The bill specifies that Route 210 shall be known and designated as the “Southern California Native American Freeway” or by the name developed by the local Native American community.
Southern California tribal cultural affiliations along the freeway include Cahuilla, Chumash, Gabrieleno/Tongva, Fernandeno/Tataviam and Serrano.
“All along Route 210, an unseen history has gone unacknowledged for decades. It is too easy to jump in your car and cruise down the 210 without thinking of the sacred lands once untouched by modern industrialism. It is not only important to continue fostering change but also to acknowledge the vital impact of change, and whose immeasurable suffering played a part in where we are today,” said Assemblymember Chris Holden.
Mona Morales Recalde, representing the San Gabriel Band of Mission Indians, expressed gratitude to all elected officials who worked diligently on this legislation.
“This bill is important to the Southern California Native American Community because it provides visibility of our continued presence. Acknowledging this route acknowledges our ancestors who established the route, we are the First People of Los Angeles,” Morales said.
Assemblymember James Ramos, who co-authored AB 776, also thanked Holden for introducing the bill.
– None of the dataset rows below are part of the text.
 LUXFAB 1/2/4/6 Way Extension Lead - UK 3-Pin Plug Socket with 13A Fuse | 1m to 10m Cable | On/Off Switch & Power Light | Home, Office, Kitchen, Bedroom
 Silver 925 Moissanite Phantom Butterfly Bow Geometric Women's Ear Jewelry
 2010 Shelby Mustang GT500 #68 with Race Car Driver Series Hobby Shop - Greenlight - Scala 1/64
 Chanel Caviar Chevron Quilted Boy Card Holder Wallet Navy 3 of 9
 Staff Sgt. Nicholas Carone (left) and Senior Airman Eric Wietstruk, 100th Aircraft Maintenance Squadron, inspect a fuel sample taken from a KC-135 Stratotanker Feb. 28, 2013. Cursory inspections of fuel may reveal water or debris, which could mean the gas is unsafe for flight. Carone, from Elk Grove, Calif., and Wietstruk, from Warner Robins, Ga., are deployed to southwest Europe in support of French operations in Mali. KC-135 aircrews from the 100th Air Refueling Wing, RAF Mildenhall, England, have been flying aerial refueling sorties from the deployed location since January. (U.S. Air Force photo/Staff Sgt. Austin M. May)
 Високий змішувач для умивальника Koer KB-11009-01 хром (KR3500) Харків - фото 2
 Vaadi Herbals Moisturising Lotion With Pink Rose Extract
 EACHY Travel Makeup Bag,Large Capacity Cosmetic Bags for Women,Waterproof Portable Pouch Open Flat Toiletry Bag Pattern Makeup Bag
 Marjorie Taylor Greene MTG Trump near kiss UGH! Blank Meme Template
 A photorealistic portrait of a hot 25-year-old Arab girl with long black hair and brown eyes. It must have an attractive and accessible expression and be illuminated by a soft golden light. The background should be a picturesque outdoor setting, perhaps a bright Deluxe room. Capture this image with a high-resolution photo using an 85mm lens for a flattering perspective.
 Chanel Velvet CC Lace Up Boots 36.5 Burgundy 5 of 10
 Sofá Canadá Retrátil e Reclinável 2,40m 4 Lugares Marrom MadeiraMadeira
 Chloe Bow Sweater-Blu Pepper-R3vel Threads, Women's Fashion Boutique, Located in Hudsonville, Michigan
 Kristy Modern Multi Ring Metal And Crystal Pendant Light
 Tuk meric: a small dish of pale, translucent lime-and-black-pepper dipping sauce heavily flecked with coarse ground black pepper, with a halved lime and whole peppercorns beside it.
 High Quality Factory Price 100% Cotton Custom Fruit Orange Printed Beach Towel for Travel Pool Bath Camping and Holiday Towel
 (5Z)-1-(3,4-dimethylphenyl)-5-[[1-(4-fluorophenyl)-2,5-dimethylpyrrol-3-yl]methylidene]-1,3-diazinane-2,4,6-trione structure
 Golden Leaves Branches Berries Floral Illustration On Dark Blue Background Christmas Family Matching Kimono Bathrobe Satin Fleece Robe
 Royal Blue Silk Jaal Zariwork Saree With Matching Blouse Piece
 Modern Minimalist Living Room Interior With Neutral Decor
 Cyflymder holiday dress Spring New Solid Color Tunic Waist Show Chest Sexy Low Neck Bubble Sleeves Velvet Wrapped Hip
He underscored the importance of increasing awareness of the millennia-long and continuing presence of California Native Americans in the state and in Southern California in particular.
“I especially appreciate that Assemblymember Holden requires Caltrans consultation with area tribes so that they have a voice and input in the sharing of their history and contributions,” said Assemblymember James Ramos.
AB 776 is another step in California’s effort to increase the visibility of Local Tribes in Los Angeles and San Bernardino, Holden’s office said.